Current Occupants: Cinda’s Accents, Oriental American House of Foods

Built in 1915 for $25,000 ($644,131 in 2020), the building measures 28×90 feet and includes a basement. On April 13, 1916 it became the North Platte General Hospital.



    1. 1913 Federal Building – 416 North Jeffers Street

Current Occupant: Prairie Arts Center
In 1908 Congress appropriated $110,000 ($3,111,434 in 2020) for the establishment of a Federal Building in North Platte. Accordingly, the United States Government purchased the Woodhurst lot for $9,000 ($254,572 in 2020) in November of 1908. Construction began on May 13, 1911 and was completed on July 26, 1913. The cost to construct the building was $88,475($2,502,583 in 2020). It is an example of the Renaissance Revival architectural style. Major character defining features included wide overhanging eaves supported by brackets, clay tile roofing and impressive second story pilasters.

In June of 1964 a new Federal Building was completed and this one was turned over to the North Platte Junior College. On Tuesday, August 30, 1965 it became the North Platte College with 215 students enrolled. In 2001, the building was donated to the City of North Platte. In 2009, the Creative Unlimited Arts Council purchased the building from the city of North Platte for $250,000 to use as an art center for the community. It was officially listed on the National Register of Historic Places on March 4, 2009.

    1. Carnegie Library – 314 North Jeffers Street

Current Occupant: North Platte Area Children’s Museum
On April 8, 1910 a letter was received by Mayor Patterson stating, “If the city agrees by resolution of the council to maintain a free public library at a cost of not less than $1,2000 ($32,871 in 2020) a year, and provides a suitable site for the building, Mr. Carnegie will be glad to give $12,000 ($328,710) to erect a free public library building for North Platte.” At the next council meeting, a Library Board of Directors was established to oversee the building of the library.

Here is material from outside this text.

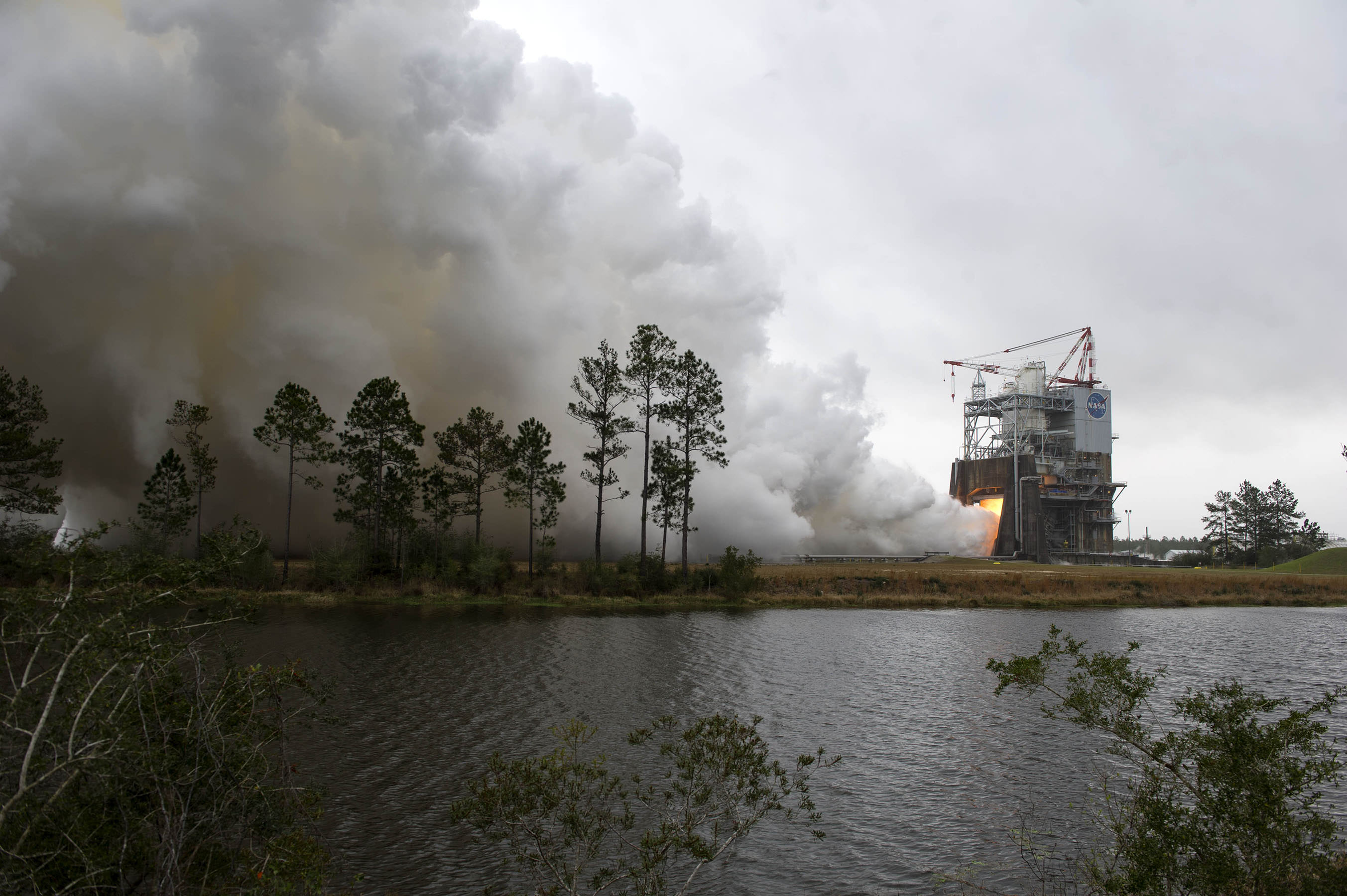 NASA engineers conduct a successfully test firing of RS-25 rocket engine No. 2059 on the A-1 Test Stand at NASA’s Stennis Space Center in Bay St. Louis, Mississippi. The hot fire marks the first test of an RS-25 flight engine for NASA’s new Space Launch System vehicle.  Credits: NASA/SSC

On May 13, 1910 the Knights of Columbus offered the lots to the town of North Platte for $3,000 ($82,178). The land was eventually purchased with pledges of $2,070 ($56,703). The project was awarded to Howard McMichael in August of 1911. The Building contract was $8,676 ($237,657). On April 10, 1912 it opened to the public. Restrooms were added to the building in 1925 and in 1940 an addition was put on the west side.

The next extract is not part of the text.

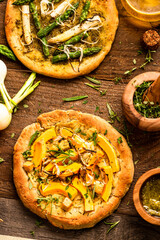 Homemade Small Vegetarian Pizza on Wooden Rustic Table. Top Down View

    1. Mutual & Loan Building – 100-102 East 5th Street

Current Occupant: Laughing Buda Tattoo
The lot on the corner of 5th and Jeffers Street, measuring 54 X 132 feet, was sold to the Mutual Building and Loan in July of 1913. The plans were to build a 2-story structure with a 40 x 80-foot basement. As a part of the construction 3 vaults were installed. The largest one was located on the ground floor and 2 smaller ones were located on the second floor right above the large one. The building was fire proof and several suites were finished in fir and oak. Slate stairways lead to the second floor and basement. The telephone wiring was placed in grooves in the molding at the top of the wall to be kept out of site, and the front and back of the building included entrances to both floors, on June 16, 1914 the Mutual and loan board of directors accepted the new building.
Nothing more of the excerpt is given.